By segment, raw milk: Total raw milk volume grew 8.5% to 3.139mn tonnes with flat revenue. Average milk yield per cow improved 0.8% to 12.9 tonnes/head. Herd size declined ~7% to ~457k heads, while the proportion of milkable cows increased to 58.2% (up 7.1ppts). Gross margin was steady y/y despite revenue decline, with efficiency gains mitigating ASP pressure. Non-raw milk businesses: Feed & farm supplies, breeding products, and platform services saw softer demand compared with prior year, in part due to the company’s strategic focus on higher-quality client segments and efficiency – gross margin improved by 2.1ppts.

 

Raw milk price outlook improving on tightening supply dynamics. Industry consolidation is underway, with China’s dairy herd size declining for two consecutive years amid sustained sector losses. On the demand side, structural changes are emerging, including a shift in imports of whole milk powder to imports of higher value-added products (e.g. cheese, butter and whey), driven by bakery and beverage channels. At the same time, domestic raw milk prices remain below the reconstituted cost of imported powder, supporting continued substitution.
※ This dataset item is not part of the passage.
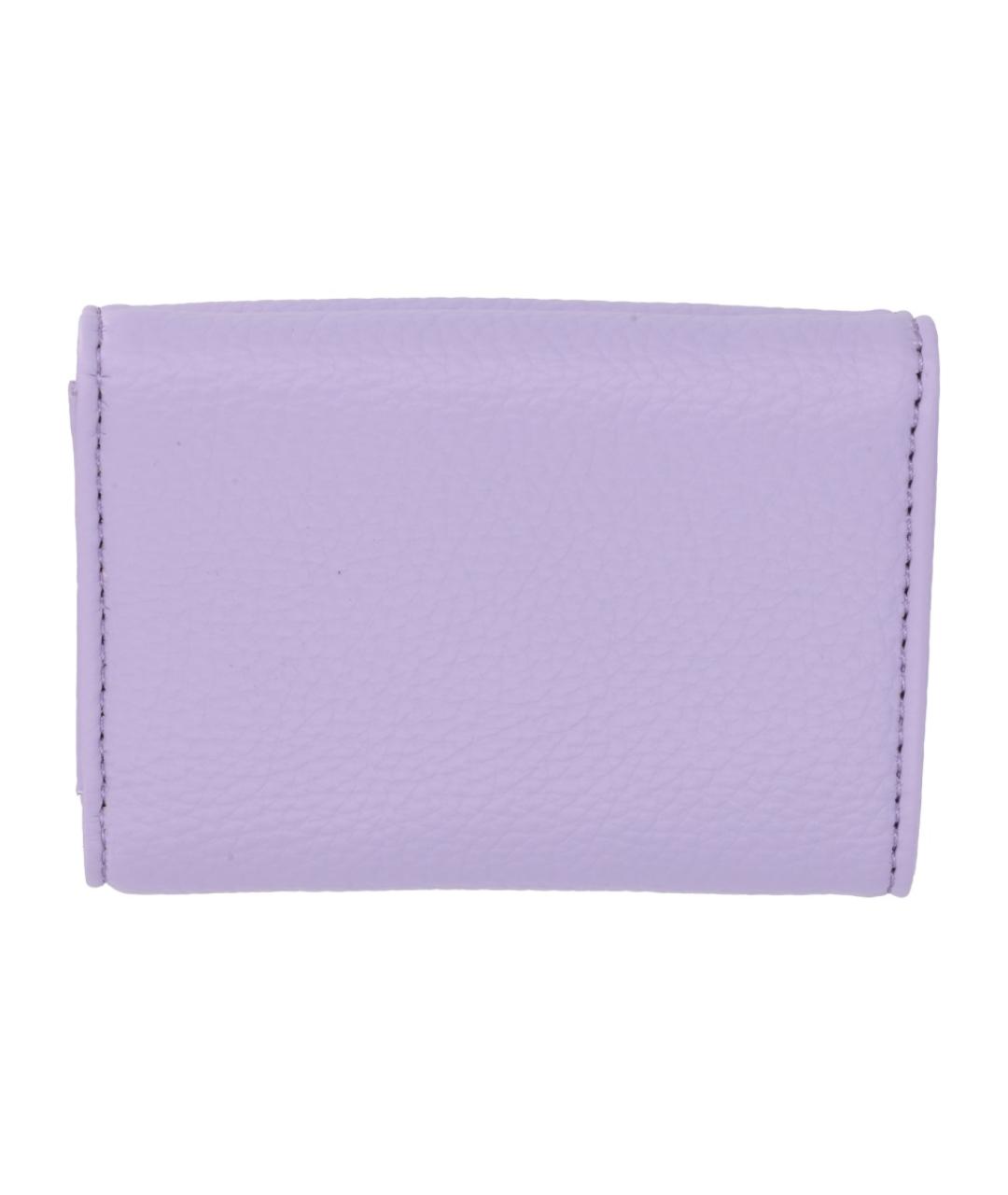 VIVIENNE WESTWOOD Фиолетовый кошелек, фото 2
Industry raw milk prices have stabilised at ~RMB3.03/kg since 3Q25, and continued to see stable trend post Chinese New Year, despite typical seasonal weakness - seen as a positive signal, with a more meaningful recovery likely towards 2H26. We expect the full year average raw milk prices to be largely flat vs. 2025. Coupled with slowing domestic and global supply growth and supportive policies (e.g. restrictions on use of reconstituted milk in UHT pure milk), the industry appears to be moving towards a tighter balance.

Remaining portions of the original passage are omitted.